According to Walters, clients often look for wealth-building, cash flow, and tax savings in any given tax year, assuming a typical, healthy market. These activities require strategic conversations beyond the tactical elements of tax or audit to be productive.

“This is where a great CPA can champion the conversation for clients. Unfortunately, universities teach the theory of the thing, which ends in a specialization of either tax or audit,” adds Carter.

“There are two main issues preventing the bridge between tax planning and wealth management. The first is the fear of error. Traditional CPAs are usually comfortable operating in the known landscape in which they are first introduced. Keep score, tell the client the score, and provide minimal insight or passing comments on how a client ended up in their position. You know, the usual subjects. ‘You just need to buy an asset,’ or ‘You made too much money.’ This is a safe place to be because it requires very little interaction from the CPA. After all, plenty of clients want this level of service.

Carter finds the second issue is based on the needs of the industry. “The demands related to tax or audit season require a new graduate to focus on one or two tasks during the season with a proper understanding of the theory. Traditionally students are required to keep up in a conversation but not add to it. The problem is that we have fewer and fewer people entering these programs each year. The answer to this so far has been to adjust the CPA exam and perhaps lessen the 150-hour requirement to attain a CPA license. Neither of which raises the baseline of the profession,” says Carter.

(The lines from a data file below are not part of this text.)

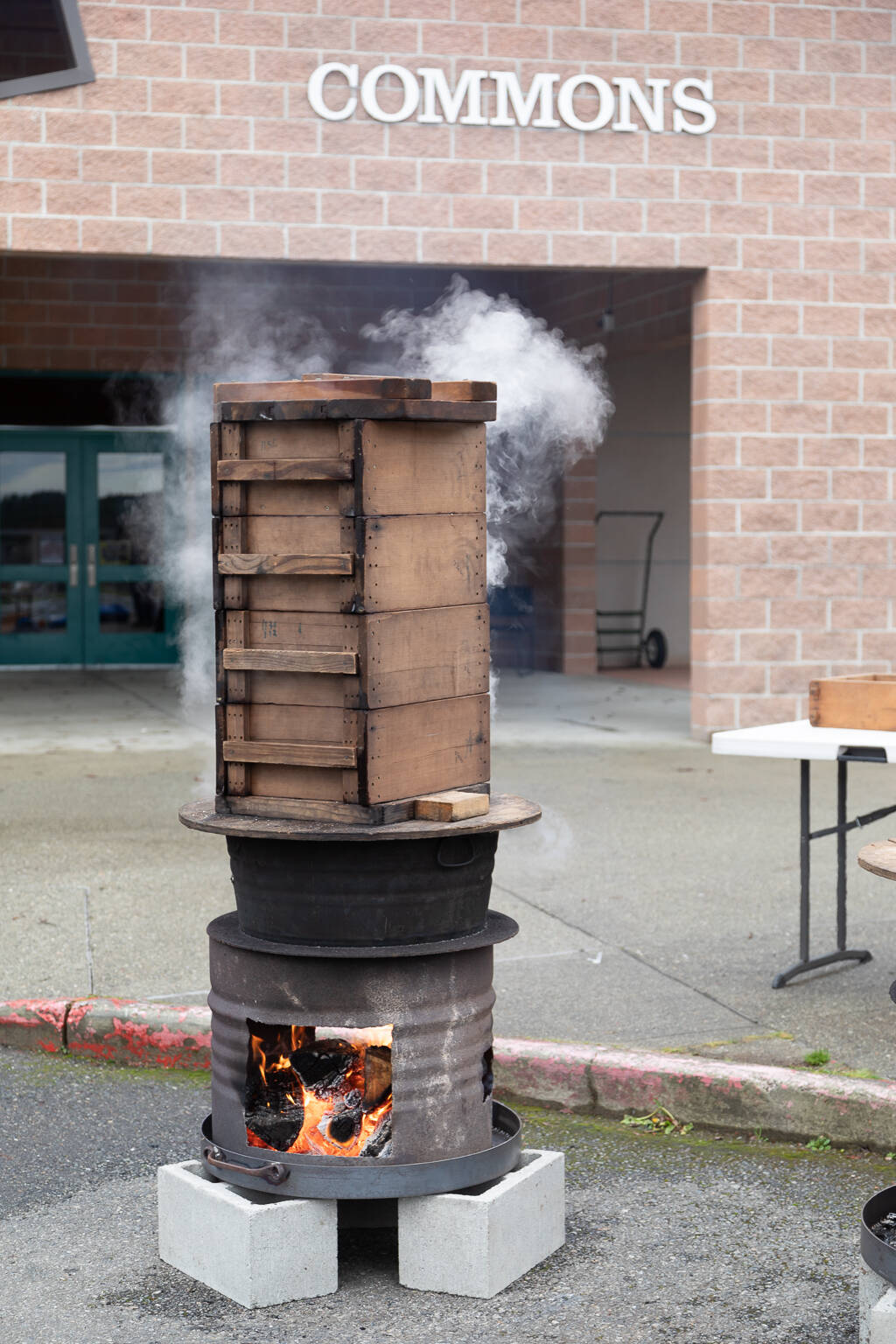 Sweet rice is steamed in wooden boxes over an open fire as it has been done for nearly a thousand years.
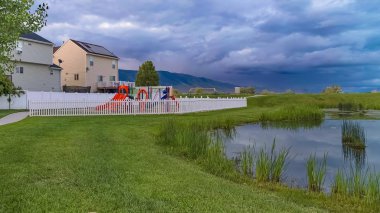 Panorama Tezgah ve arka planda oyun alanı ve evleri ile çimenli bir parkta gölet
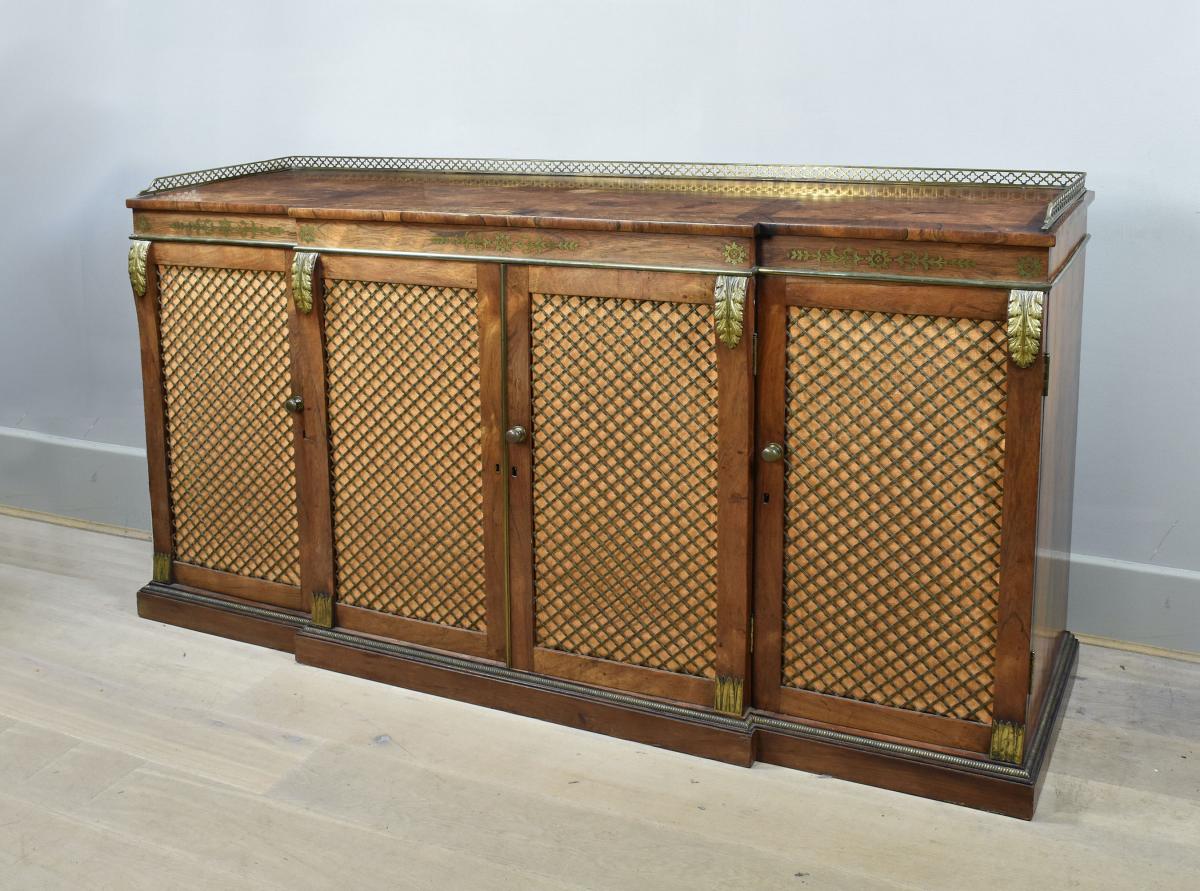 A fine Regency brass inlaid rosewood breakfront cabinet with gilt bronze mounts, c.1810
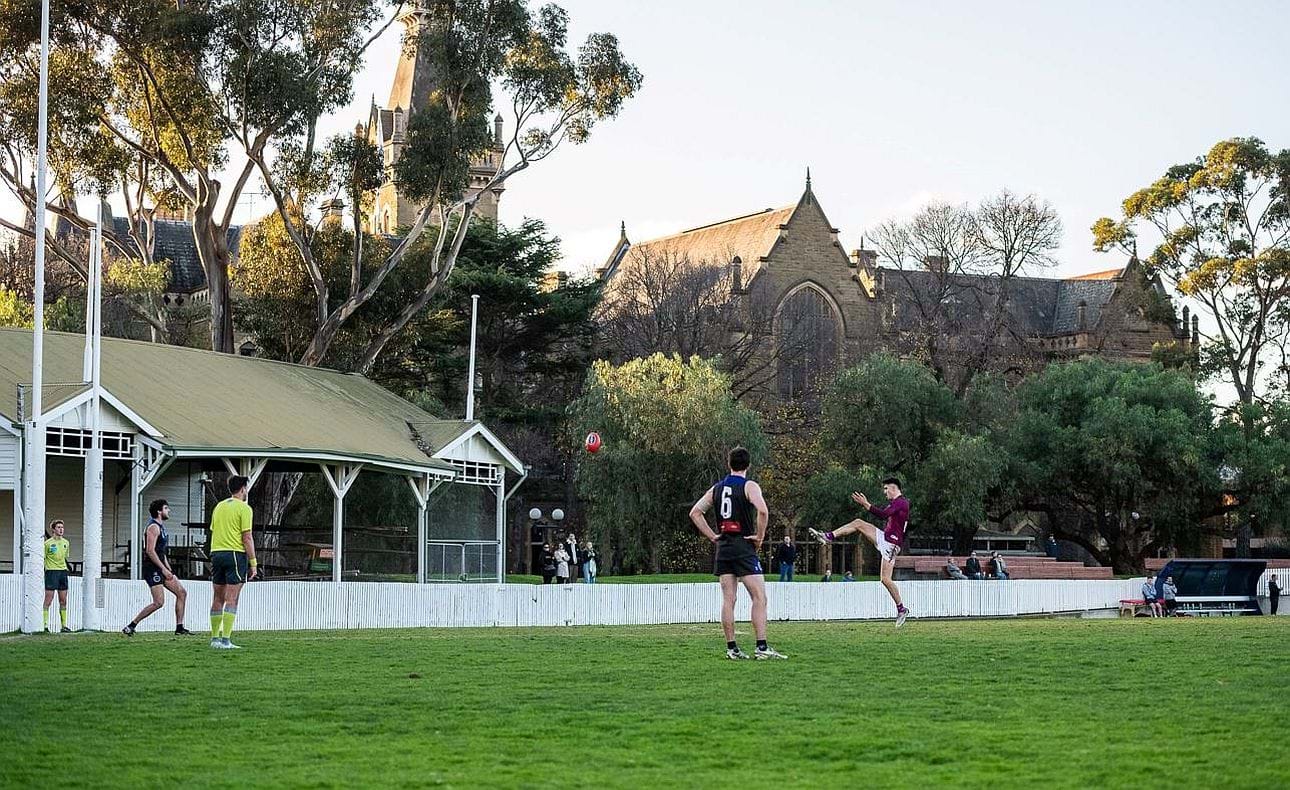 Noah Gown shoots for goal in the shadow of the old pavilion at  University Oval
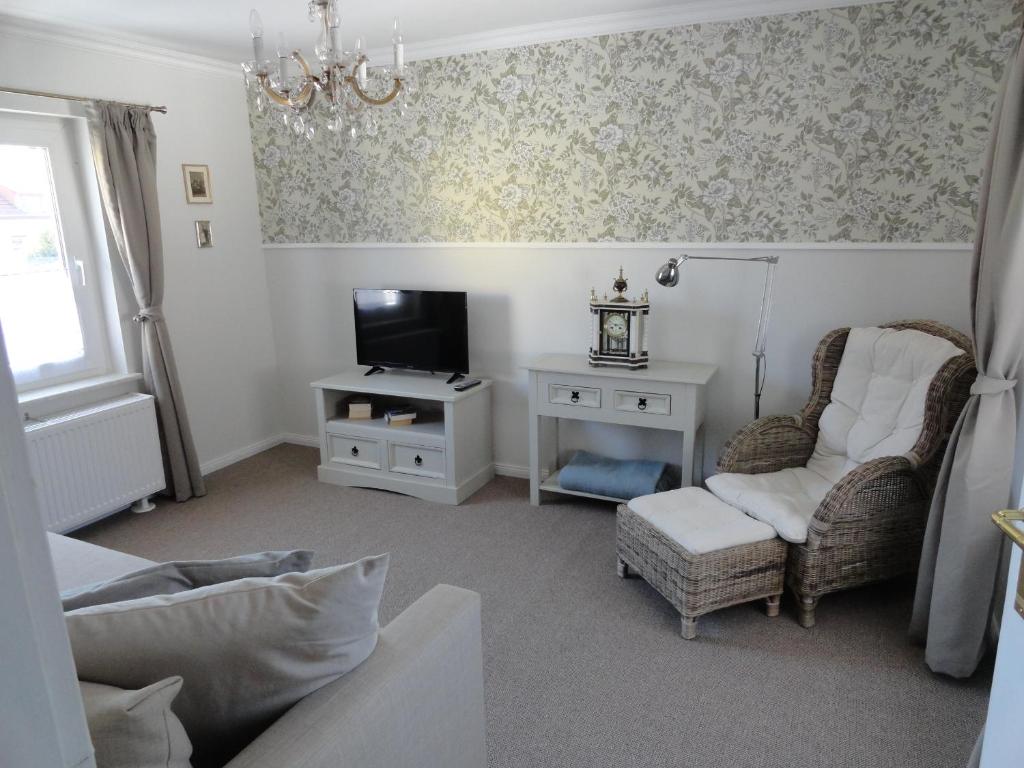 ein Wohnzimmer mit einem TV und 2 Stühlen in der Unterkunft Cottage Ferienwohnung mit Seeblick in Caputh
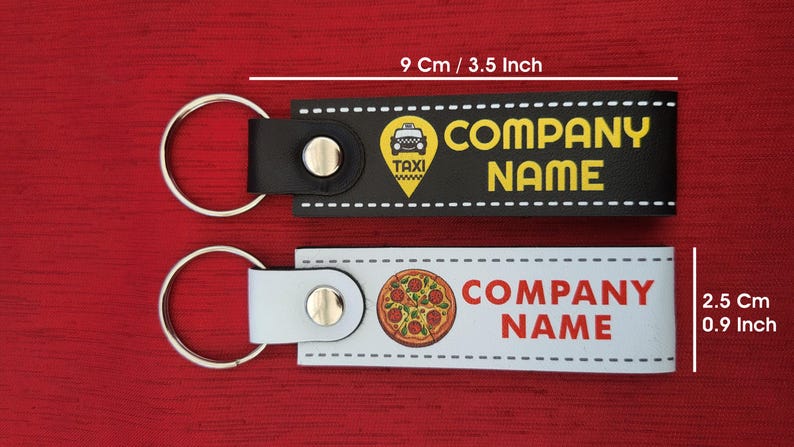 K&ouml;nnte beinhalten: Zwei Schl&uuml;sselanh&auml;nger, einer schwarz und einer wei&szlig;, mit silbernen Ringen. Der schwarze Schl&uuml;sselanh&auml;nger hat eine Taxi-Grafik und die Worte "COMPANY NAME". Der wei&szlig;e Schl&uuml;sselanh&auml;nger zeigt eine Pizza-Grafik und die Worte "COMPANY NAME". Die Schl&uuml;sselanh&auml;nger sind 9 cm lang und 2,5 cm breit.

A general consensus among graduates is that there is a right or wrong end answer for a tax return, and the reality is there are only complete and incomplete answers. As Carter surmises, “Doing it correctly depends on the goal but I will always side with what is ethical and legal to advise.”


While educational programs set the foundation in undergraduate courses, most graduate programs are understandably focused on students passing the CPA exam. The practitioners believe more focus should be placed on advisement skills to produce well-rounded professionals.

“For these programs to prepare capable students that remain agile enough for the changing landscape, schools must find a way to have blended programs. A hybrid course of study that bridges students in accounting with those in finance to bring both sides to the table for a holistic view,” says Carter.

It appears students and current professionals are looking for similar outputs to richen the industry's viability and the market's updated needs. Walters signals a new era of tax professionals is on the horizon. “As we wait for graduate programs, client needs, and the overall talent pool to align, there are opportunities for leaders in the space to create new business models where everyone wins,” he says.

Time will tell if new professional pathways can create enough viability to warrant a systemic shift from universities tasked with producing the next generation of tax professionals. Consistent integration of theory into applicable and real-world scenarios remains a key driver to advance the sector beyond current guardrails.

The market is in high demand for CPA talent. Will the current crop of professionals desiring an expanded offering move the needle of opportunity, or will higher education generate innovative structures to drive the industry?

The cost is rising, and the clock is ticking.

Interviews have been edited and condensed for clarity.